Begin at the line that contains "The Levi's 511" and reproduce it along with every line after it to the end of the listing; skip any pictures.

▶ _MATERIAL PROVIDED_
-- Opening Marker --
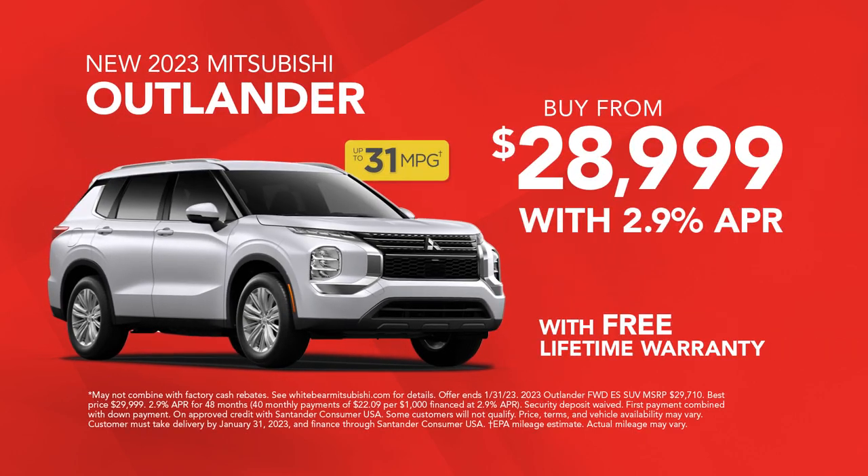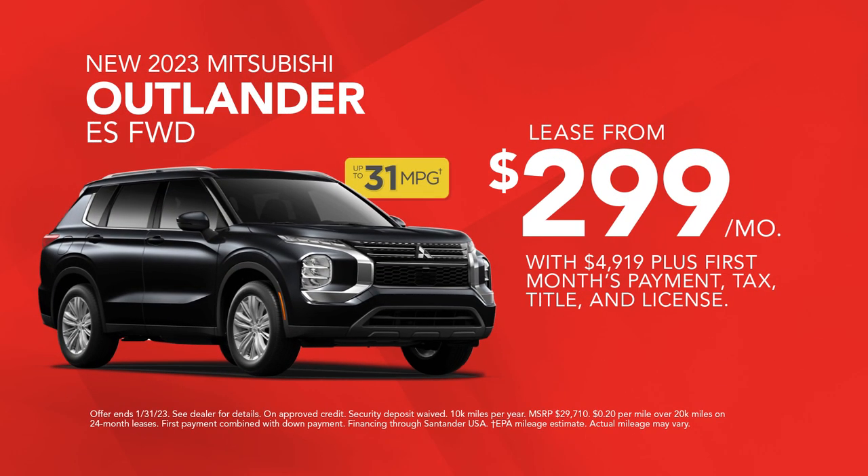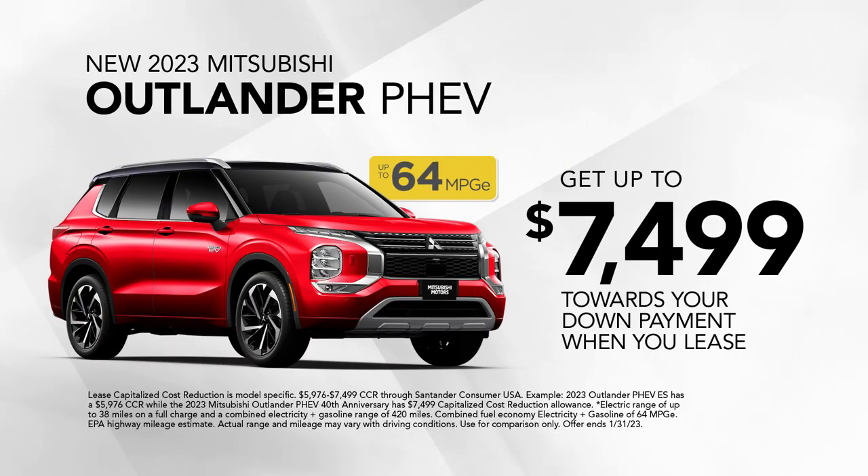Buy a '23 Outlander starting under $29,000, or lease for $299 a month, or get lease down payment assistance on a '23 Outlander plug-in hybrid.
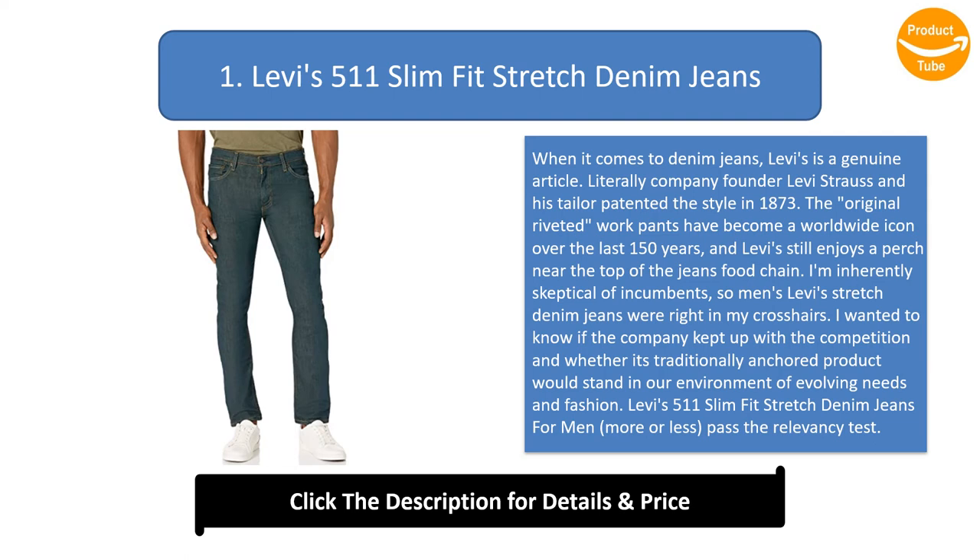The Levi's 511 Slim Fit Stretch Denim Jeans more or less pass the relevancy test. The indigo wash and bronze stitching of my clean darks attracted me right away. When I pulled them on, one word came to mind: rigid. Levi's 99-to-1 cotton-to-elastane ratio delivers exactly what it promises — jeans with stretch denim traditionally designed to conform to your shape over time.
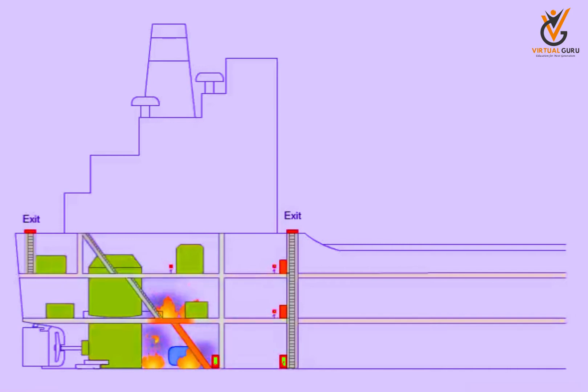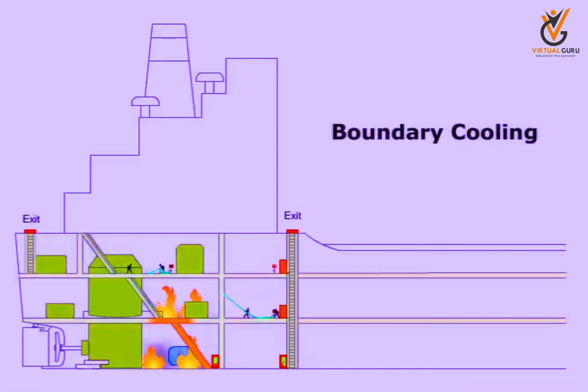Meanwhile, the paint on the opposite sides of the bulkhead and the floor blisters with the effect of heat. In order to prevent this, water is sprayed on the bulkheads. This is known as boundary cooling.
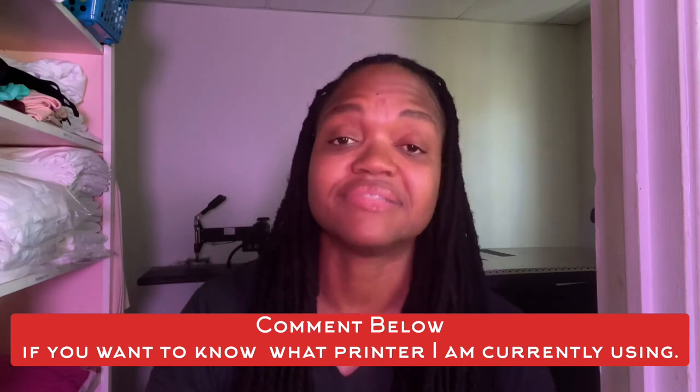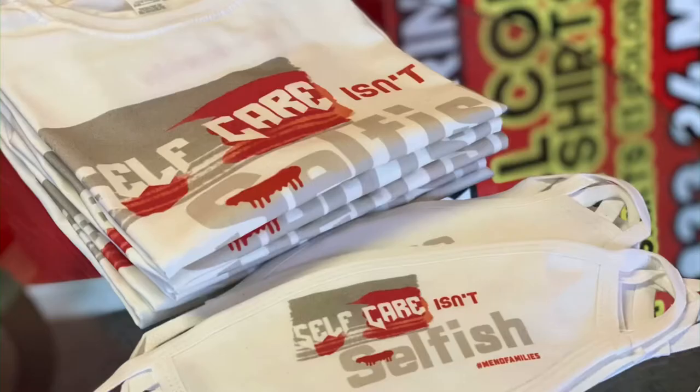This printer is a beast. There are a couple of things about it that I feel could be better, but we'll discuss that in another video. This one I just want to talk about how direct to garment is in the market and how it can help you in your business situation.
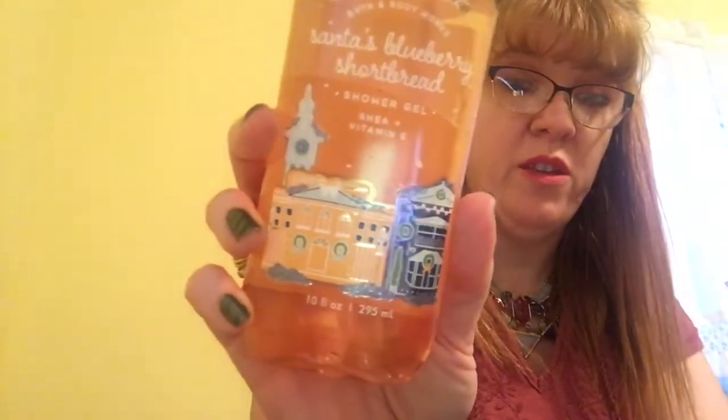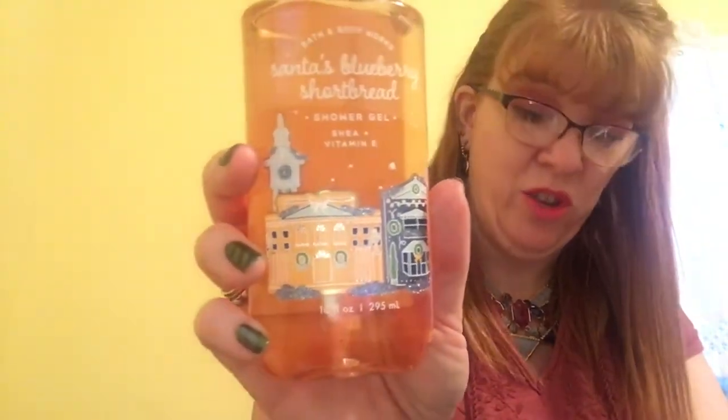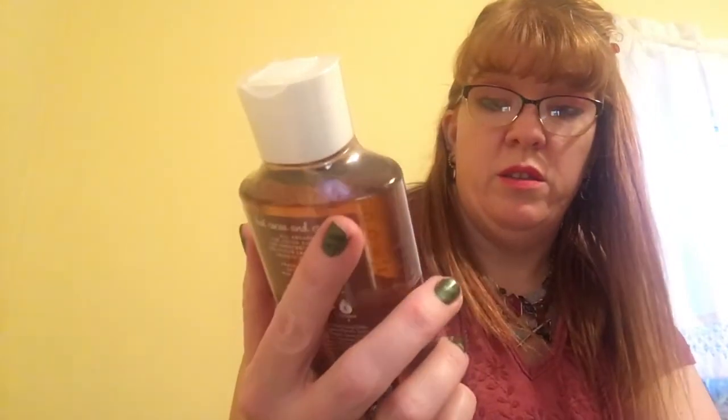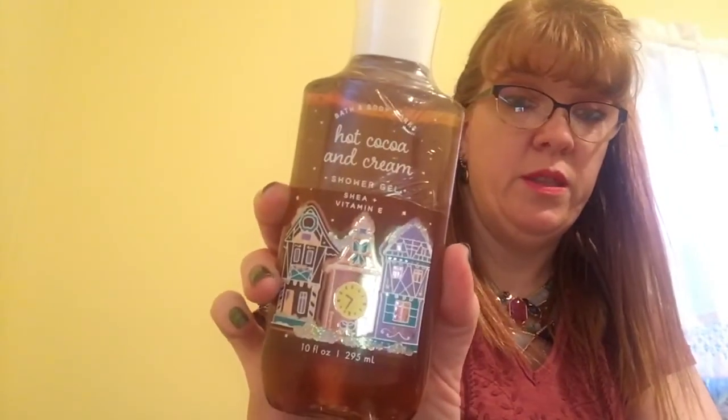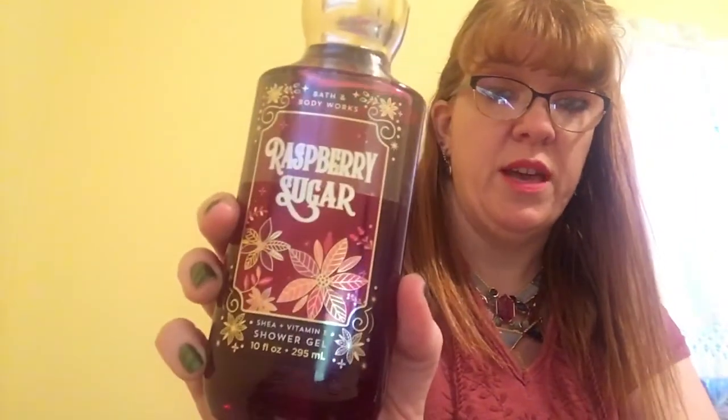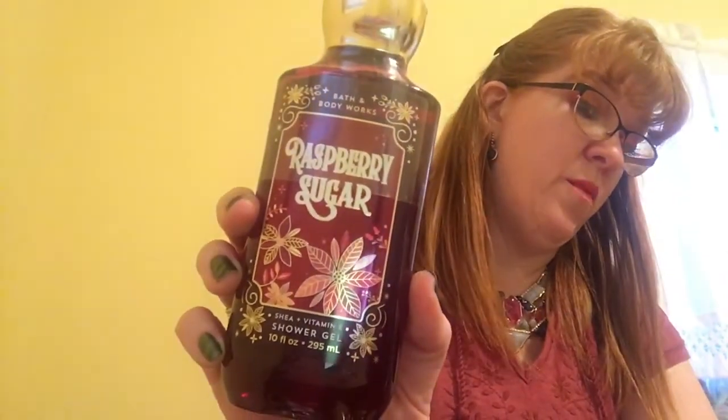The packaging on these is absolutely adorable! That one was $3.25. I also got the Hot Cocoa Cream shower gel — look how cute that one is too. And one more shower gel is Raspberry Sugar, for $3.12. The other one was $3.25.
-- Closing Marker --
▶ _WRITTEN REPLY_
The Levi's 511 Slim Fit Stretch Denim Jeans more or less pass the relevancy test. The indigo wash and bronze stitching of my clean darks attracted me right away. When I pulled them on, one word came to mind: rigid. Levi's 99-to-1 cotton-to-elastane ratio delivers exactly what it promises — jeans with stretch denim traditionally designed to conform to your shape over time.
Meanwhile, the paint on the opposite sides of the bulkhead and the floor blisters with the effect of heat. In order to prevent this, water is sprayed on the bulkheads. This is known as boundary cooling.
This printer is a beast. There are a couple of things about it that I feel could be better, but we'll discuss that in another video. This one I just want to talk about how direct to garment is in the market and how it can help you in your business situation.
The packaging on these is absolutely adorable! That one was $3.25. I also got the Hot Cocoa Cream shower gel — look how cute that one is too. And one more shower gel is Raspberry Sugar, for $3.12. The other one was $3.25.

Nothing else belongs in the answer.